_Problem to work on_
Make a verbatim copy of all the records. Skip every image.

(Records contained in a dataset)

=== Begin Enclosure ===

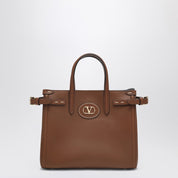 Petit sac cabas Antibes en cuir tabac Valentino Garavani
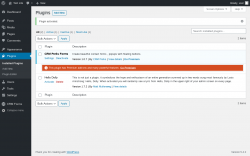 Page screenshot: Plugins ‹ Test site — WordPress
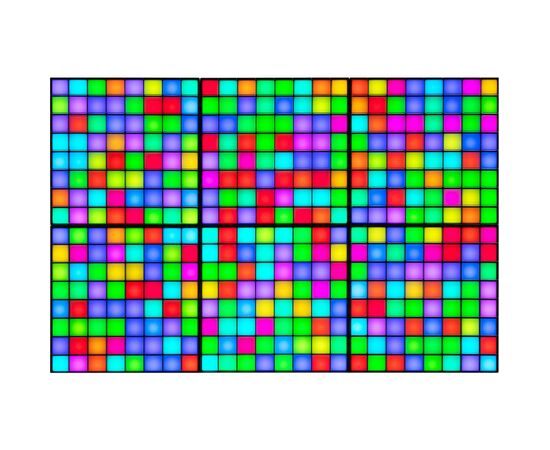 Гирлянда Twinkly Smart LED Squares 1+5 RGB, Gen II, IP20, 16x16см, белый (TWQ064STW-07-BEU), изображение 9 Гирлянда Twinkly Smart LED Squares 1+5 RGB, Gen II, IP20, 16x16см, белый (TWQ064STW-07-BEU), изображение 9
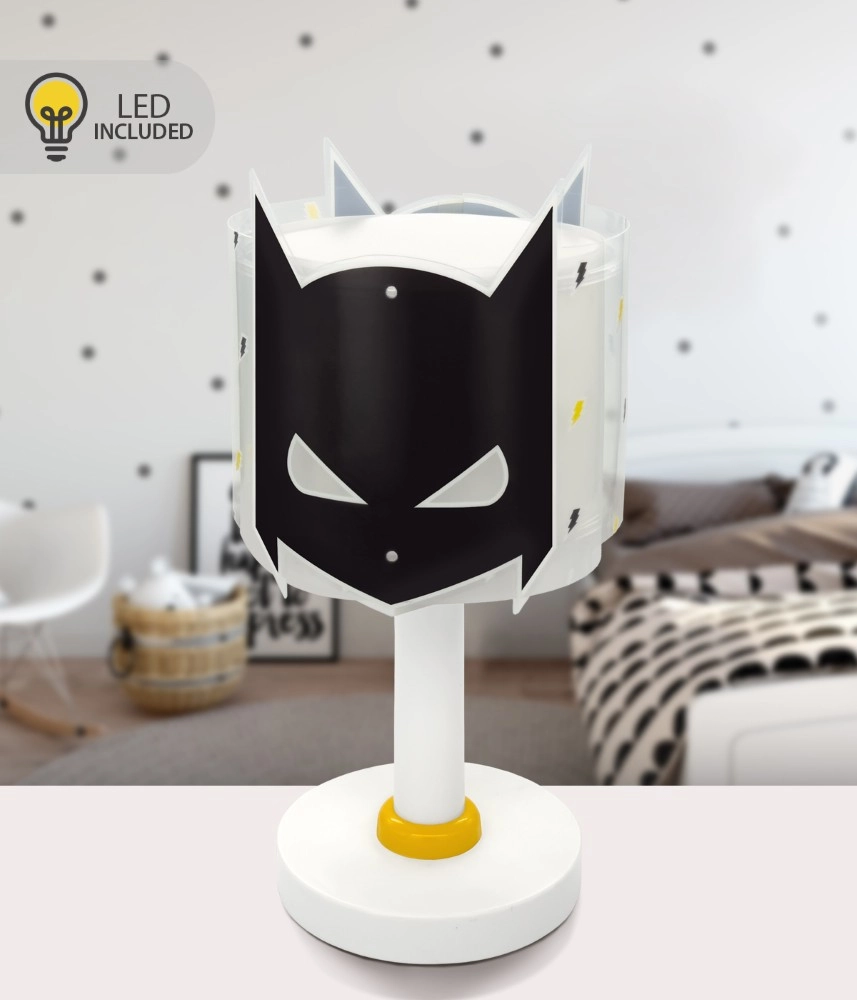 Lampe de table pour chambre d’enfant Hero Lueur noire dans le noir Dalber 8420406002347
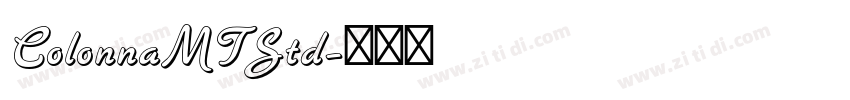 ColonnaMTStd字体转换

=== End Enclosure ===

_Task result_
 Petit sac cabas Antibes en cuir tabac Valentino Garavani
 Page screenshot: Plugins ‹ Test site — WordPress
 Гирлянда Twinkly Smart LED Squares 1+5 RGB, Gen II, IP20, 16x16см, белый (TWQ064STW-07-BEU), изображение 9 Гирлянда Twinkly Smart LED Squares 1+5 RGB, Gen II, IP20, 16x16см, белый (TWQ064STW-07-BEU), изображение 9
 Lampe de table pour chambre d’enfant Hero Lueur noire dans le noir Dalber 8420406002347
 ColonnaMTStd字体转换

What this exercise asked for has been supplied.